The Long Christmas Dinner

by Leon Botstein

Written for the event The Long Christmas Dinner, performed on December 19, 2014 at Alice Tully Hall, Lincoln Center.

Every American high school student must confront the work of Thornton Wilder; in a way his incredible success, especially with the iconic Our Town, has led us to take him a bit for granted. Thornton Wilder was a prolific author of plays and novels. He is one of those writers who is continually the subject of such comments as “I didn’t know that was by Thornton Wilder!” when one learns, for instance, that Hello, Dolly! is based on a Wilder play. Wilder was the recipient of multiple Pulitzers and a force to be reckoned with in American literature. There is more to him than we have come to assume.

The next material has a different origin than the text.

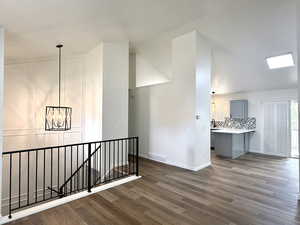 Hall featuring an upstairs landing, dark wood-style flooring, and a chandelier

Paul Hindemith, however, has as his Pulitzer equivalent the honor of being called a “degenerate” and “atonal noisemaker” by Josef Goebbels. Although Hindemith was considered a great composer during his lifetime, his career suffered great peaks and slides, especially in the 1930s, after the opera Mathis der Maler. Owing to his emigrations between Europe and the U.S., and the scandalous reception of some of his early works, he was forced to reinvent himself. His reputation posthumously has declined somewhat, though one can hear his influence on American music in the work of his students at Yale, notably Easley Blackwood and Lukas Foss. Hindemith’s work during the last fifteen years of his life, the period into which The Long Christmas Dinner falls, have been quite neglected.

One aspect that Thornton Wilder and Paul Hindemith both shared was their mastery of the short form in their respective fields: the single-act work. Nowhere is Wilder’s skill in this dramatic form so ambitiously and thrillingly demonstrated than in The Long Christmas Dinner, which transforms the concept of duration by compressing 90 years into under an hour, and thereby exposes fundamental issues of life and its rebirths. Hindemith, too, loved the form, and used it to invoke sudden spikes of emotion, whether it be horror, laughter, or astonishment: that is the progression of emotions in his triptych of one-acts, Murder, Hope of Women; The Nusch-Nuschi; and Sancta Susanna (all performed in an evening by the ASO in 2004). That these two great artists collaborated on a form that they both dominated and reinvigorated is a rare and happy historical convergence.

It is therefore with the greatest pleasure and profound gratitude that I have the opportunity to perform this rare work, to help make a case for the late, neglected work of a great composer, and for one of the lesser-known masterpieces of a premier voice of American literature.